Is Your Older Smartphone OS A Malware Target?
By: Jim Stickley and Tina Davis
October 23, 2019
It’s a good question, and unfortunately for Android users, the answer to whether or not your older Android phone is a malware target is quite simply, “Yes.” It’s all about potentially harmful applications, or PHA. It’s the term Google created for Android malware. Google’s own recently-released research found that Android smartphones running on older OS like KitKat (4.x), Lollipop (5.x), or Marshmallow (6.x) are more likely to download a PHA that goes undetected.
The older OS allows more persistent PHAs that also resist removal to gain a stronghold. The research finds that older OS devices are 0.5% likely to have one or more PHAs. Newer Android OS versions like Nougat, Oreo and Pie are more resilient to PHA attacks, making it less likely they will infect a smartphone. Google finds only .25% of newer OS phones are vulnerable to PHAs, half as much as the older OS. The one thing Google relies on for their research is that users download apps directly from Google Play and not sideload apps from unknown sources.

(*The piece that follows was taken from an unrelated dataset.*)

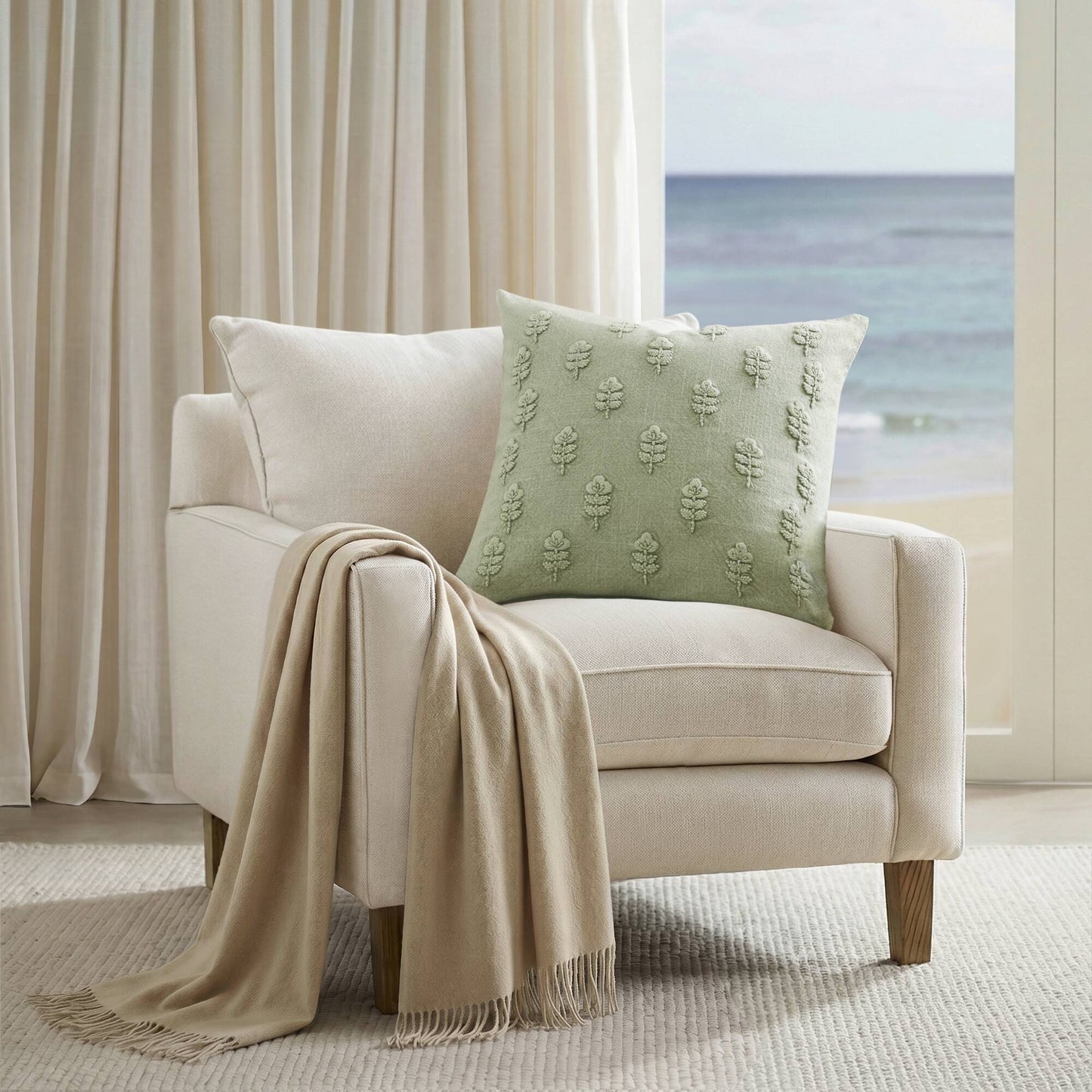 Ave Botanical 1 Piece Cotton Pillow Cover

Although Google has difficulty keeping PHAs from infiltrating its Play Store, it still claims there are tangible results and improvements due to a dedication to increasing security for Androids. Of course, all bets are off when users download PHAs from sources other than the Google Play Store. Android users with an older OS who sideload apps from sites other than Google are playing with fire. In fact, Google research finds “Android devices that only download apps from Google Play are 9 times less likely to get a PHA than devices that download apps from other sources.” That number alone should convince users not to sideload apps, no matter what Android OS they are using.
Google admits that in 2017 alone, over 700,000 apps were removed from Play Store because they violated policies about content, and others because they contained malware and engaged in phishing activities. That number of deleted apps was up 70% from 2016, which questions whether Google is getting better at finding PHAs, or the sheer number of PHAs has dramatically increased over time. Regardless of the answer in 2017, in 2018 Google claims they are getting much better at detecting PHAs. Users with older Android OS now have no excuse not to download apps from the Play Store. Even for those with more recent OS, the answer is the same: Don’t sideload and download apps only from the Google Play Store. It’s the best bet to keep your apps legitimate and your smartphone safe.
Also remember that even if you don’t have an Android, it’s always a safer move to get your apps exclusively from the official app stores and never to sideload. Malware, phishing, and other cyber threats do not exclusively affect Android.